[Input data]
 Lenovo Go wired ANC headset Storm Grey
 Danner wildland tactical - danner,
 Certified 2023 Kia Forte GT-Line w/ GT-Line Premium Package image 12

[Task to complete] Retype the material above in full, exactly.

[Completed task]
 Lenovo Go wired ANC headset Storm Grey
 Danner wildland tactical - danner,
 Certified 2023 Kia Forte GT-Line w/ GT-Line Premium Package image 12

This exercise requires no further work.